Afrique
Delta de l'Okavango
"Le seul endroit où je me suis senti intrus de la plus belle façon qui soit."
La première chose qu’on remarque, c’est le silence. Pas l’absence de son — l’Okavango n’est jamais vraiment silencieux — mais l’absence de bruit de moteur, de notifications, du bourdonnement basse fréquence qu’on trimballe partout sans le savoir. Ça faisait deux heures qu’on glissait dans un mokoro à travers des canaux de papyrus, assis à quelques centimètres à peine de la surface de l’eau, quand j’ai réalisé que je n’avais pas pensé à mon téléphone une seule fois. Les parois de papyrus montaient de chaque côté, l’eau avait la couleur d’un thé noir aux tanins, et un martin-pêcheur malachite était posé sur un jonc à moins de deux mètres, comme si nous faisions partie du décor.
L’Okavango arrive d’Angola chaque année sans drame ni annonce. Il inonde le désert du Kalahari — un delta intérieur qui couvre 15 000 kilomètres carrés à son maximum — puis disparaît entièrement dans un sable assoiffé. Rien dans tout ça n’a de sens scientifique avant d’en être au milieu, à regarder un éléphant patauger jusqu’au poitrail dans une lagune de la réserve de Moremi, l’eau ruisselant sur son dos, la trompe levée comme un tuba. Chief’s Island attire les grands prédateurs — lions, léopards, lycaons — parce qu’elle reste à sec. Le delta extérieur monte et descend au rythme des pluies sur les plateaux angolais, à un millier de kilomètres au nord. On est un invité dans un système qui n’a jamais été conçu pour des visiteurs.

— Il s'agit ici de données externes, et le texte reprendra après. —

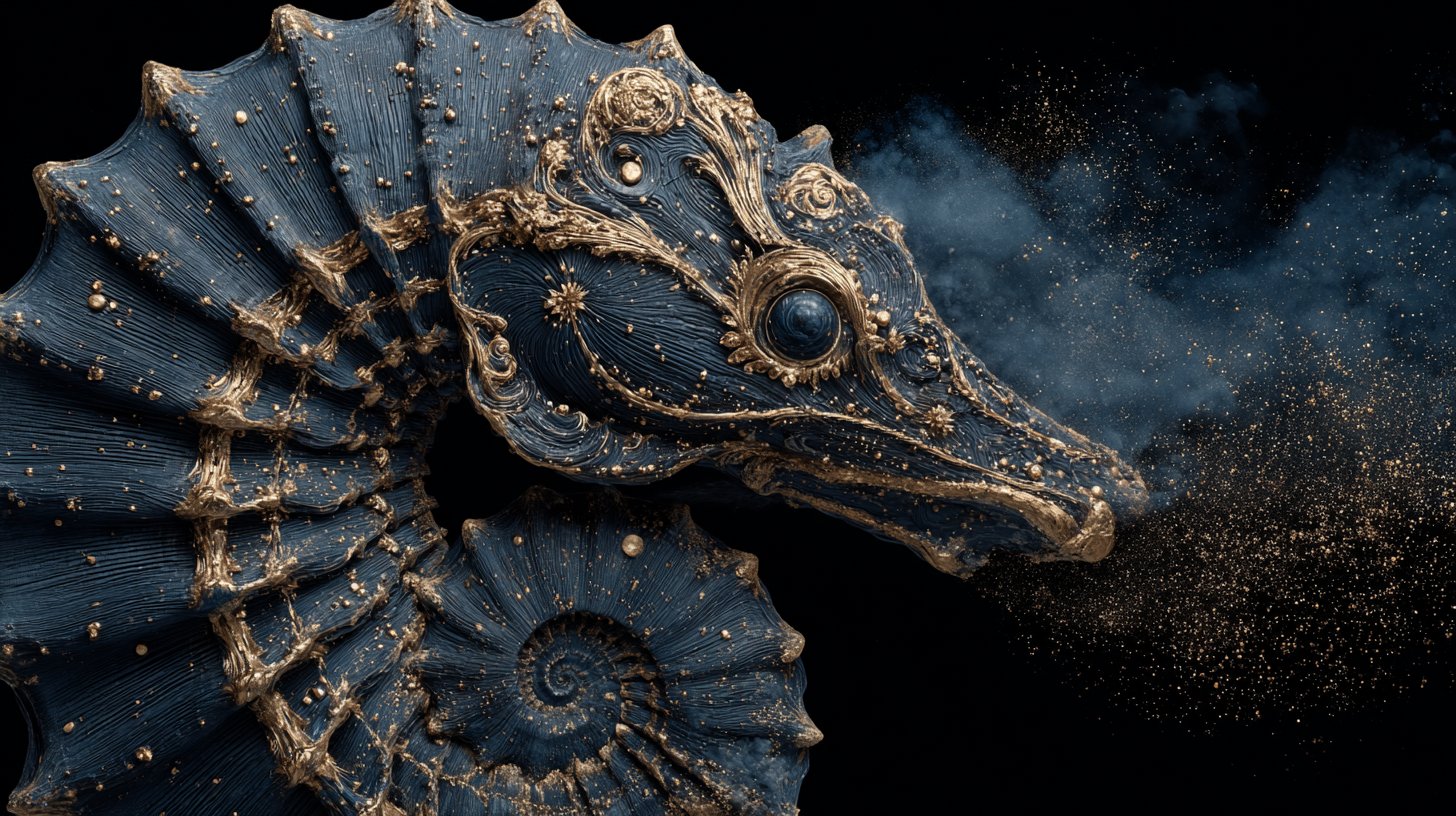 Scorpion - Intuition et détermination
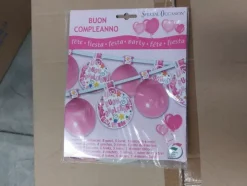 8#8578 Articoli per la casa e igiene personale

Maun est la porte d’entrée et ne prétend pas être glamour. L’aéroport est le chaos, la rue principale est poussière et quads, et les groupes de l’heure du sundowner à l’Audi Camp mêlent à parts égales baroudeurs en 4x4 et néophytes du safari avec un équipement flambant neuf. Peu importe. On est là pour ce qu’il y a au-delà. Les sorties en mokoro les moins chères partent de la zone du fleuve Boro, avec des guides communautaires qui connaissent chaque canal depuis l’enfance. Les grands camps — Mombo, Jao, Little Vumbura — proposent la version théâtrale : dîners aux lanternes, passerelles surélevées, safaris en véhicules ouverts. Les deux fonctionnent. L’Okavango ne garde pas le meilleur pour ceux qui paient le plus.
Quand y aller : De juin à septembre pour la crue maximale (eaux les plus hautes en juillet-août) et les concentrations de faune en saison sèche. Les animaux se regroupent autour des points d’eau permanents à mesure que les terres environnantes s’assèchent, ce qui rend les observations exceptionnelles. Avril et mai voient arriver la crue avec une végétation luxuriante mais une eau plus trouble. Évitez novembre à mars si vous souhaitez accéder au delta en mokoro — les canaux peuvent être trop peu profonds ou dangereusement hauts selon les années.
Ce que la plupart des guides ratent : Ils traitent l’Okavango comme un territoire exclusivement luxe, ce qui décourage la plupart des voyageurs avant même qu’ils regardent la carte. Les campements communautaires sur les franges sud — Oddballs, Island Safari Lodge, les trusts communautaires près de Seronga — offrent une immersion authentique dans le delta à des tarifs de routard. La faune ne s’amenuise pas quand on quitte les camps haut de gamme. Ce qui s’amenuise, c’est le nombre de fils de vos draps.